Aussi, en général, je fournis 3 biberons de 200ml pour la journée de Petit Bonhomme. Il boit vers 11h, vers 13h30, puis vers 16h30. Il ne finit souvent pas le dernier et il m’en reste pour le lendemain ou pour congeler un peu.

Tout irait pour le mieux si Petit Bonhomme n’avais pas la mauvaise habitude de m’appeler toutes les nuits pour téter. Je sais (certaines m’en feraient la remarque), je peux pratiquer le cododo. Mais ce n’est pas trop mon truc. Je préfère que Petit Bonhomme s’endorme dans son lit et arrête de me prendre pour une tétine géante, l’aidant à se rendormir entre chaque cycle de sommeil.

Parce qu’après s’être réveillée et levée 3, 4 ou 5 fois dans une nuit, le réveil de 6h30, c’est à peine si je l’entends. Quelle douleur, quelle lutte toute la journée pour ne pas m’endormir sur mon bureau ! Quelle difficulté pour me concentrer sur mon travail… Sans compter que cette fatigue joue sur ma production du lait : hier, j’ai à peine tiré 100ml à chaque tirage de la journée.

Pour y remédier, voilà les solutions mises en oeuvre :
- tirer 4 fois 10min, plutôt que 2 fois 20 min.
- boire des tisanes d’allaitement matin et après midi
- boire au moins 1l d’eau le matin et 1l l’après midi (ca évite en prime la constipation qui accompagne l’allaitement…ouais, c’est pas que du bonheur ! ).

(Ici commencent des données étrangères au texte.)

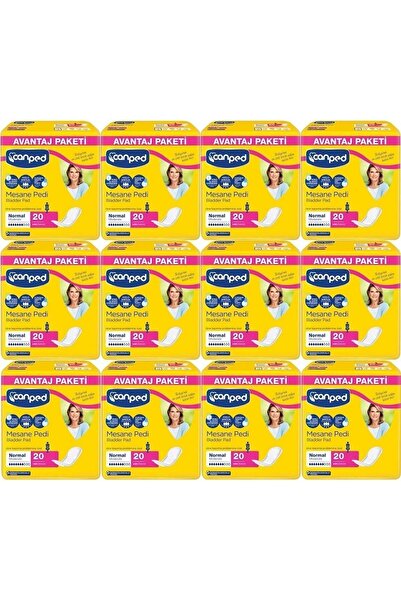 Canped MESANE PEDİ 20 Lİ ORTA (M) 12 ADET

Et maintenant, je m’attaque au sommeil mouvementé de mon Bébé. Avant de lui donner le sein, je lui redonne sa tétine et je lui dis fermement (parait que le ton compte beaucoup) « c’est la nuit, il faut dormir » et je repars. Je le laisse pleurer (ou plutôt chouiner) pendant maximum 10 min. Cette nuit, il a accepté 2 endormissements sur 3 ainsi. Et bien aujourd’hui, ca va déjà mieux !

Petit à petit…

Et vous, le tire allaitement, ca vous inspire quoi?